Silver Nanoparticle Decorated on Reduced Graphene Oxide-Wrapped Manganese Oxide Nanorods as Electrode Materials for High-Performance Electrochemical Devices

In this work, silver nanoparticles decorated on reduced graphene oxide (rGO) wrapped manganese oxide nanorods (Ag-rGO@MnO₂) were synthesized for an active electrode material. MnO₂ nanorods were synthesized via a hydrothermal route, and their coating with GO and subsequent reduction at a higher temperature resulted in rGO@MnO₂. A further addition of Ag on rGO@MnO₂ was performed by dispersing rGO@MnO₂ in AgNO₃ solution and its subsequent reduction by NaBH₄. X-ray diffraction (XRD) analysis showed peaks corresponding to MnO₂ and Ag, and the absence of a peak at 2θ = 26° confirmed a few layered coatings of rGO and the absence of any graphitic impurities.

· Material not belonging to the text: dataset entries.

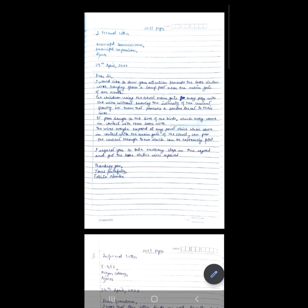Since the question specifically mentions that the loose wires are hanging near the main gate of your school, you have to mention a problem related to the school children and the danger to their lives. Second problem: it poses danger to the lives of birds which may come in contact with these loose wires. Third: the wires may be exposed at any point which, when in contact with the metal main gate of the school, can pass current through it, which can be extremely fatal.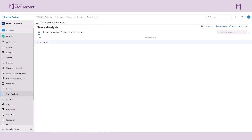In this video, we'll walk through the process of making a work item type horizontal trace matrix. This powerful tool will help you visualize and manage the relationships between different work items effectively. Let's dive in.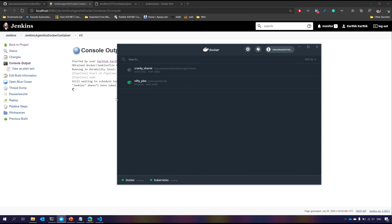In the next video we'll see how we can run a Dockerfile instead of using the slave image as the agent, and see how we can further leverage the power of Jenkins and Docker. Thank you.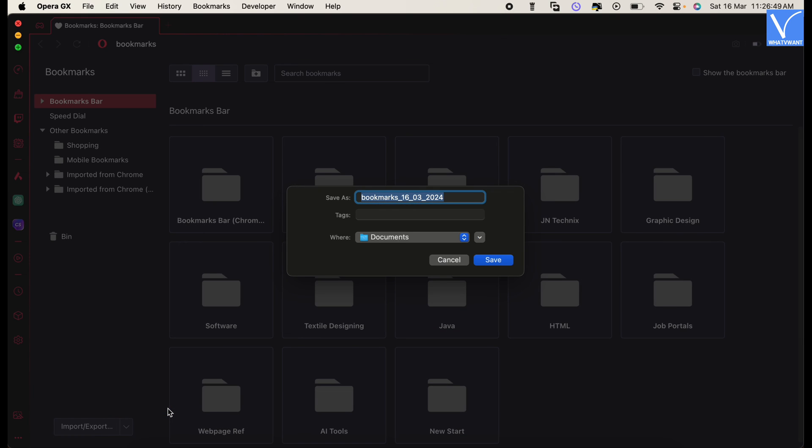Then a popup will appear. From there, modify the file name and choose the destination to save the export file. Later, click on save.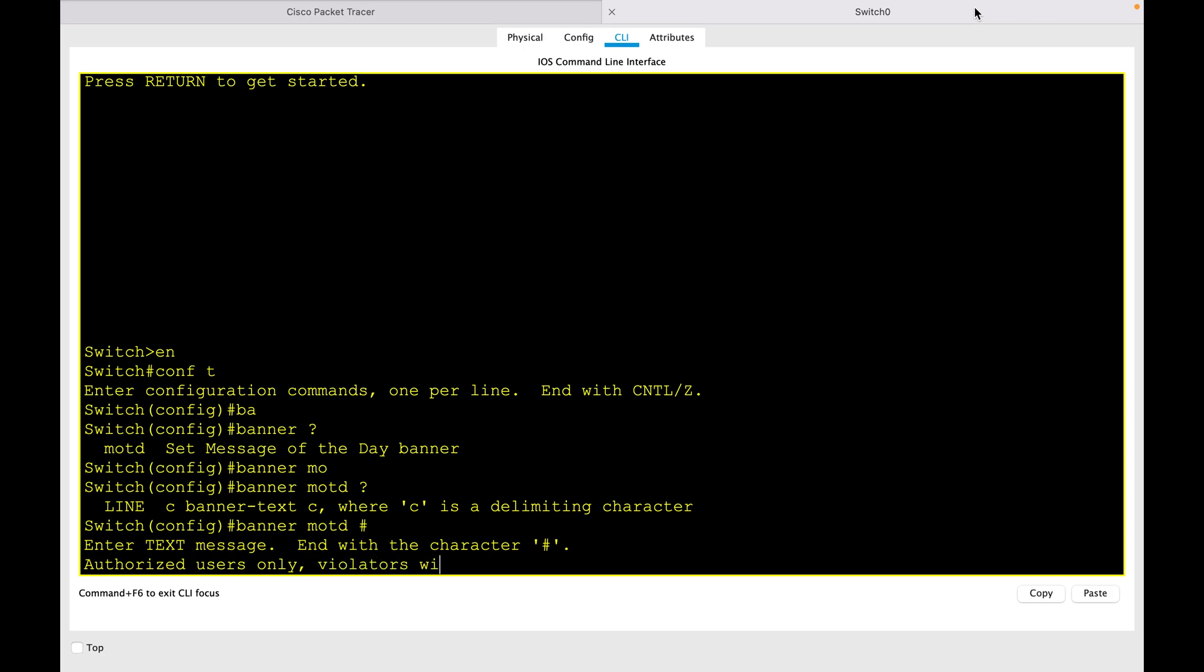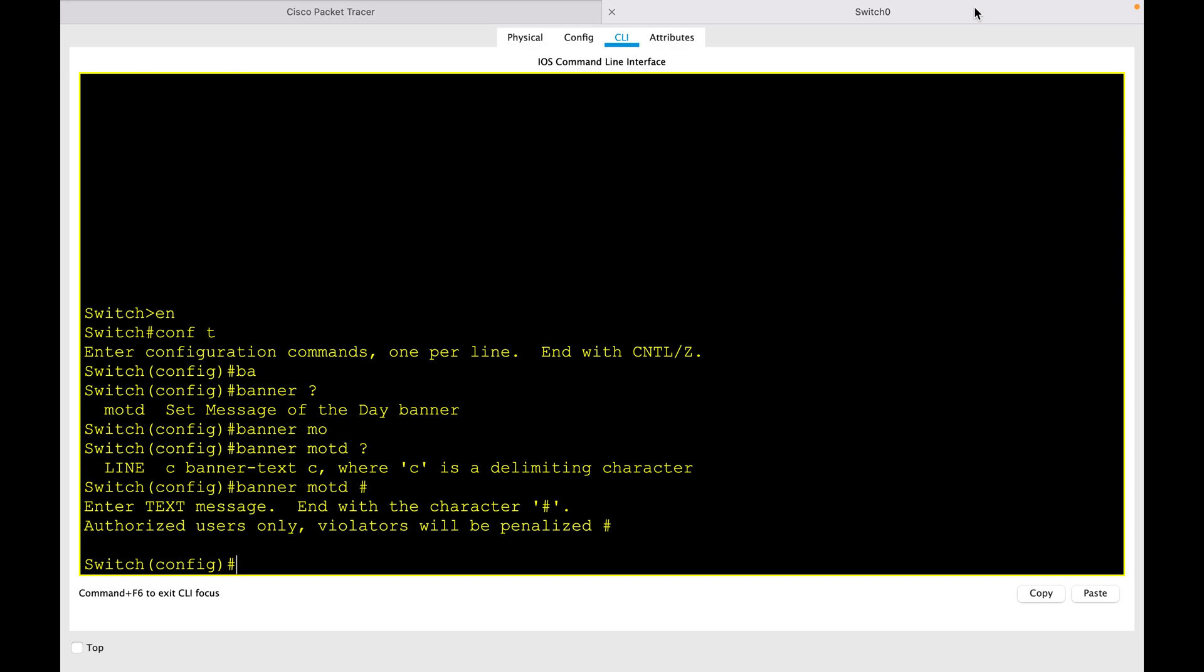violators will be penalized. Then you have to end your message with the special character which you used in the beginning—here it's the hash symbol. This will display the full message when you access the device again. Let me log out of the device. Now you should get the message. You see, before I was not getting any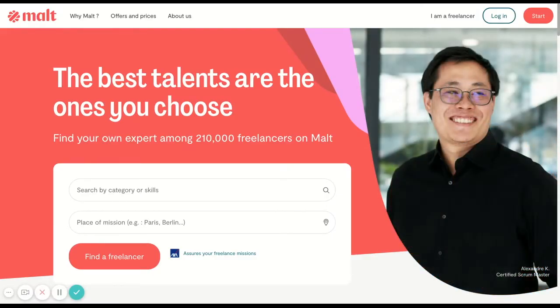Hello, welcome to MELT. Once you're on our welcome page, click on Start at the top right.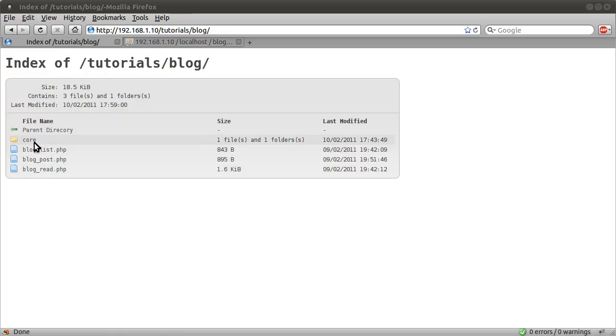This core folder is going to be the similar folder structure to the way I always do it. It's going to contain an init.inc.php file, which will sort of set up the system, open the database connection.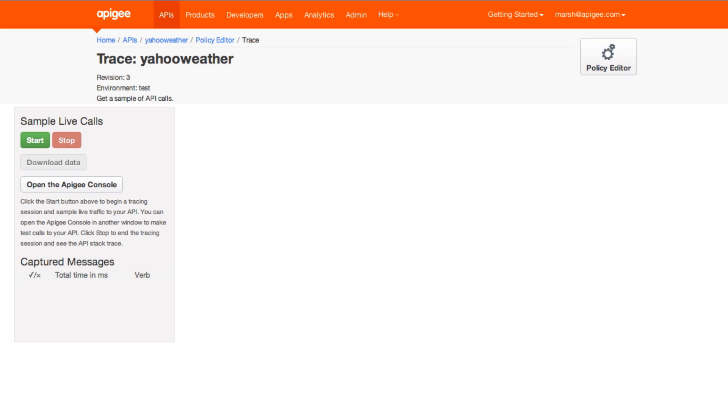Trace can help you figure out if a message is being altered as expected, say with transformations or masking. It can help with lots of other questions too, such as: is the cache being refreshed appropriately? Or worst case, where exactly have things broken?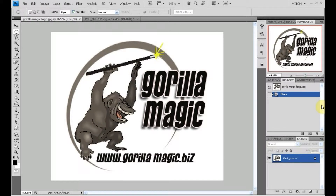Good day and welcome to Guerrilla Magic's next Photoshop tutorial. We will take you down the toolbar now to the Marquee tool — it'll be the second one down below the Move tool.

Morphological analysis showed Ag nanoparticles anchored on rGO coated MnO₂ nanorods. Apart from this, all other characterization techniques also confirmed the successful fabrication of Ag-rGO@MnO₂. The electrochemical performance examined by cyclic voltammetry and the galvanic charge–discharge technique showed that Ag-rGO@MnO₂ has a superior capacitive value (675 Fg⁻¹) as compared to the specific capacitance value of rGO@MnO₂ (306.25 Fg⁻¹) and MnO₂ (293.75 Fg⁻¹). Furthermore, the electrode based on Ag-rGO@MnO₂ nanocomposite showed an excellent capacity retention of 95% after 3000 cycles. The above results showed that Ag-rGO@MnO₂ nanocomposites can be considered an active electrode material for future applications in electrochemical devices.